Start of RECORDED DATA
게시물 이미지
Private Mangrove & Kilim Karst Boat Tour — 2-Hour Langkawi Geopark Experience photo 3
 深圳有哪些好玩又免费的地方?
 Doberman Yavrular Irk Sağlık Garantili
End of RECORDED DATA
Your task is to transcribe the material, which must come out exactly as written.

게시물 이미지
Private Mangrove & Kilim Karst Boat Tour — 2-Hour Langkawi Geopark Experience photo 3
 深圳有哪些好玩又免费的地方?
 Doberman Yavrular Irk Sağlık Garantili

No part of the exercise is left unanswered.